Dvc: Avoid shell (re-)interpretation in `dvc run`

Created on 8 Aug 2019 · 15Comments · Source: iterative/dvc

When the command for dvc run is complicated enough, or needs internal quoting, it can be somewhat difficult to get the quoting correct:

# Fails
% dvc run -f thing.dvc -d TGP_Opp_2014.csv Rscript -e 'saveRDS(1:10, "ops-data.rds")'
Running command:
    Rscript -e saveRDS(1:10, "ops-data.rds")
zsh:1: unknown file attribute: 1
ERROR: failed to run command - stage 'thing.dvc' cmd 'Rscript -e saveRDS(1:10, "ops-data.rds")' failed

# Fails
% dvc run -f thing.dvc -d TGP_Opp_2014.csv 'Rscript -e "saveRDS(1:10, 'ops-data.rds')"'
Running command:
    Rscript -e "saveRDS(1:10, ops-data.rds)"
Error in saveRDS(1:10, ops - data.rds) : object 'ops' not found
Execution halted
ERROR: failed to run command - stage 'thing.dvc' cmd 'Rscript -e "saveRDS(1:10, ops-data.rds)"' failed

# Succeeds
% dvc run -f thing.dvc -d TGP_Opp_2014.csv 'Rscript -e "saveRDS(1:10, \"ops-data.rds\")"'

# Succeeds
% dvc run -f thing.dvc -d TGP_Opp_2014.csv 'Rscript -e "saveRDS(1:10, '\''ops-data.rds'\'')"'

# Succeeds
% dvc run -f thing.dvc -d TGP_Opp_2014.csv 'Rscript -e "saveRDS(1:10, '"'"'ops-data.rds'"'"')"'

The reason for the failure is that the shell evaluates the command arguments twice - once when passing the arguments to dvc run, and again when dvc run actually executes the command to create the artifact. Once this is understood, the behavior makes consistent sense, but is still a bit tricky to deal with sometimes.
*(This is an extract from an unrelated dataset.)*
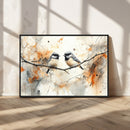Abstract Watercolor Chickadee Bird Canvas Wall Art Print - by MyGreatCanvas | Canvas Wall Art Prints | Photo Prints & Wall Decor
(The last example succeeds because of the fun fact that the best way to escape single-quotes in a single-quoted string is to use the pattern'"'"'. The penultimate example is similar, but using '\'' instead. Simple backslash quoting of single quotes does not work - see https://stackoverflow.com/questions/1250079/how-to-escape-single-quotes-within-single-quoted-strings)

I assume that normally the words of the command are pasted back together with space separators, then invoked by the shell - which splits them back apart using its quoting rules, and does all the other stuff a shell does (globbing, substitution, running multiple commands if there are semicolons, etc.).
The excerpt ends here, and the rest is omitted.